フレイアは、ゆっくりと振り返り、ロキの頬を優しく撫でた。
「ロキよ。もう良いであろう? これ以上、醜態を晒すのは、そちも望んでおるまい?」
「フレイア様……」
フレイアは再びキャミルの方に向いた。
「さあ、キャミルよ。やるが良い」
フレイアとロキに怒りを憶えていたキャミルであったが、さすがに無抵抗の相手を刺すことには抵抗があった。
「どうした? そうせぬとそなたらの体に戻れぬぞ」
フレイアの言葉に、キャミルは、一旦はエペ・クレールを持ち直し、フレイアを刺そうとしたが、やはりキャミルにはできなかった。
フレイアの姿が音も無くキャミルにぶつかって行った。
フレイアの胸にはエペ・クレールが串刺しになっていた。
「フレイア様あぁ!」
フレイアの背中から突き出たエペ・クレールを見て、ロキが狂気の叫びを上げた。
精神生命体であるフレイアの胸から血は流れなかったが、次第にその姿が薄くなっていた。
「シャミルよ。キャミルよ。そなたらの運命は銀河の運命じゃ。自分達が最善と考える道を進むが良い」
思わずキャミルの側に駆け寄ったシャミルの顔を見つめながら、フレイアは弱々しくもはっきりと告げた。
「フレイア様をお一人にはいたしませんぞ!」
半狂乱になったロキは、弾き飛ばされていた自分の剣を拾うと、自らの腹に突き刺した。
剣を引き抜いたロキは、よろめきながらも、エペ・クレールから崩れ落ちるようにしてひざまづいたフレイアに近づき、後ろから肩を抱いた。
シャミルとキャミルは何もできずに呆然と見つめている間に、フレイアとロキはお互いに見つめながら、その姿を消していった。
バルハラ遺跡の中には、シャミルとキャミルの二人、その精神生命体だけが残った。
「終わったのか?」
「はい。彼らは精神生命体としての存在も消滅しました」
シャミルは、キャミルに向き合い、その目をしっかりと見た。
「早く自分達の体に戻りましょう!」
シャミルとキャミルは、見えていた風景が変わったことで、自分達の肉体に戻ったことを認識した。

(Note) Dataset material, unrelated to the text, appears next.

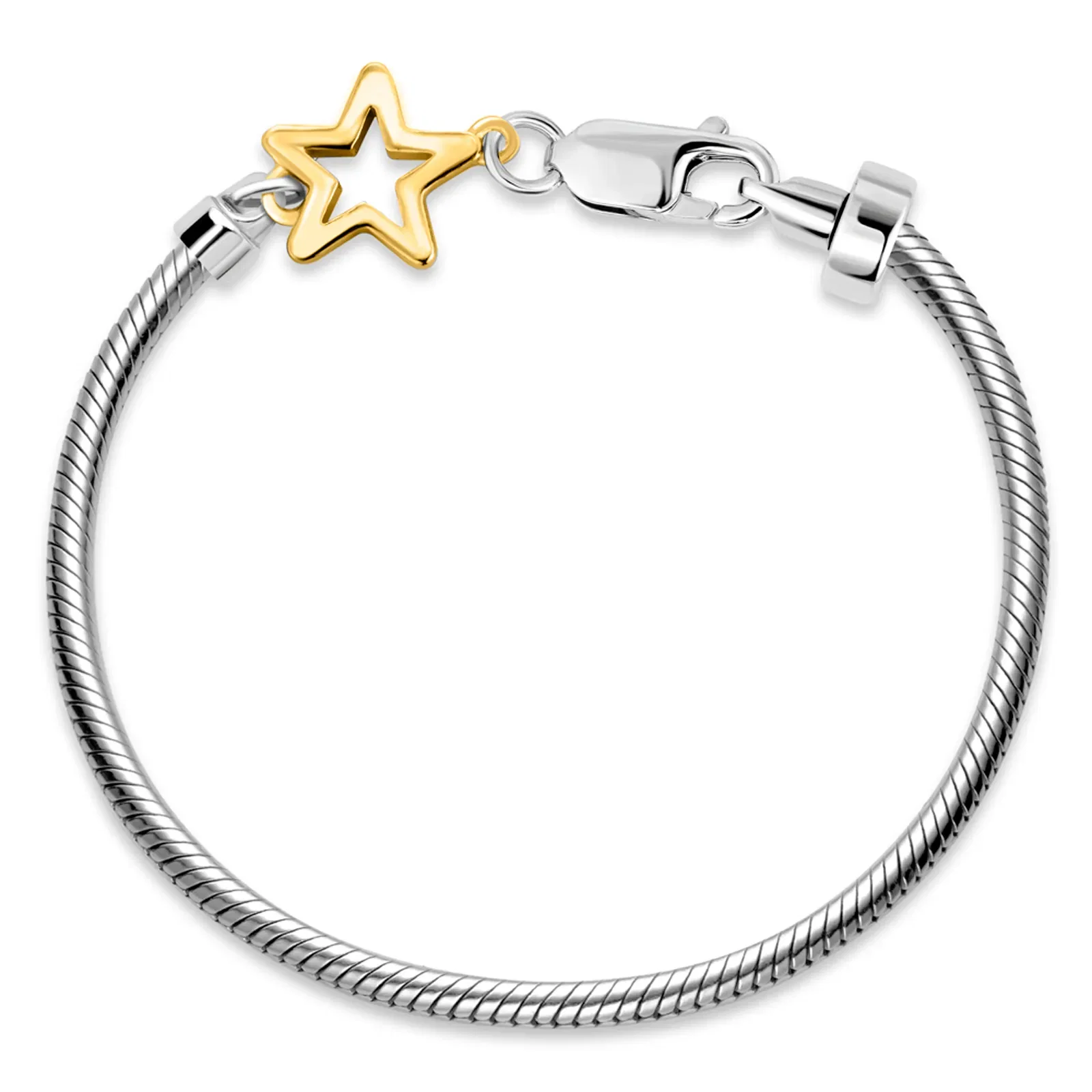 Pulseira Life Estrela em Prata 925 com Banho de Ouro Amarelo 18k — imagem 1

シャミルとキャミルの前には、おびただしい数の惑星軍兵士がひざまづいていた。
最前列には、ハウグスポリ少将、レンドル大佐、そしてアリシアが顔を伏せてひざまづいていた。
シャミルとキャミルは、すぐに自分達が置かれている状況を理解した。
「皆さん、頭を上げてください」
シャミルの声で全員が頭を上げてシャミルを見た。
「戻られたのか?」
最初に気づいたのはレンドル大佐であった。
フレイアに乗っ取られてからは一言も話さなかったシャミルが話したことで気づいたのであろう。
「はい。私はシャミル・パレ・クルスです」
「同じく、キャミル・パレ・クルスです」
キャミルもシャミルの横に並んで言った。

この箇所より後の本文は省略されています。